Violences homophobes : un jeune gay tué à Metz, SOS Homophobie dénonce la banalisation
Jeune gay tué à Metz : la banalisation des violences homophobes

Un jeune homme gay de 19 ans, Noahm, a été violemment frappé samedi 30 mai à Metz, comme l'a rapporté Mediapart. Il a été déclaré en état de mort cérébrale mardi 2 juin. Deux suspects ont été mis en examen pour « violences volontaires et tentative d'homicide volontaire aggravé », une qualification qui pourrait être requalifiée en « homicide volontaire » selon le média en ligne. Julia Torlet, coprésidente de SOS Homophobie, dont le dernier rapport annuel alertait sur une augmentation des violences LGBTphobes en France, dénonce leur banalisation.

Le caractère homophobe des faits pas encore retenu

Interrogée sur cette affaire, Julia Torlet précise que son association n'a pas plus d'éléments que ceux diffusés par la presse.

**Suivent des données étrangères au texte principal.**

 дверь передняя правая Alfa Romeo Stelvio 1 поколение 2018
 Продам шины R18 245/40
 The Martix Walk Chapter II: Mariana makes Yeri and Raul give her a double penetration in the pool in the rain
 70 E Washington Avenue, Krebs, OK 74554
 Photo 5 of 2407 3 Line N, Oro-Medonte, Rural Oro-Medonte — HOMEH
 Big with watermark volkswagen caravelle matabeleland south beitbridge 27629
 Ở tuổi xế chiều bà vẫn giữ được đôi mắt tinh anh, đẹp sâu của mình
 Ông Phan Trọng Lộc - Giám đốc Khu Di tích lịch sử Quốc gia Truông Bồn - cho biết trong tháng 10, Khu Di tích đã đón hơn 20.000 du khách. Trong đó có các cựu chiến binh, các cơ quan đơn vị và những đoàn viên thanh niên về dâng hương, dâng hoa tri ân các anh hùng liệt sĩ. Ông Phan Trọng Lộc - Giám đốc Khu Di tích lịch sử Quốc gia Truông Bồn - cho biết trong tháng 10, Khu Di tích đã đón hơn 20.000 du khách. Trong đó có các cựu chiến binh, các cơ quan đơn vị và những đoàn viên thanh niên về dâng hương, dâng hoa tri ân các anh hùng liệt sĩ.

Cependant, les témoignages des amis de Noahm indiquent qu'il a été ciblé en raison de son expression de genre plutôt féminine, notamment son maquillage. Pour ses agresseurs, cela sous-entendait qu'il était gay. Des insultes auraient été proférées pendant l'agression. « Il y a donc manifestement un caractère homophobe dans cet homicide », affirme-t-elle.

Le fait que le procureur ne retienne pas encore ce caractère homophobe ne surprend pas Julia Torlet. « J'espère que cela va évoluer, mais nous avons l'habitude des arguments de la justice, qui explique qu'on n'arrive pas à le prouver avec des éléments matériels tangibles, par exemple si personne n'a filmé la scène des insultes. Le risque est qu'à la fin de l'année, quand le bilan des agressions ou des meurtres homophobes est dressé, il en manque. Ce jeune n'était pas n'importe quel jeune se trouvant au mauvais endroit au mauvais moment : c'est un jeune qui a perdu la vie parce qu'il était gay. »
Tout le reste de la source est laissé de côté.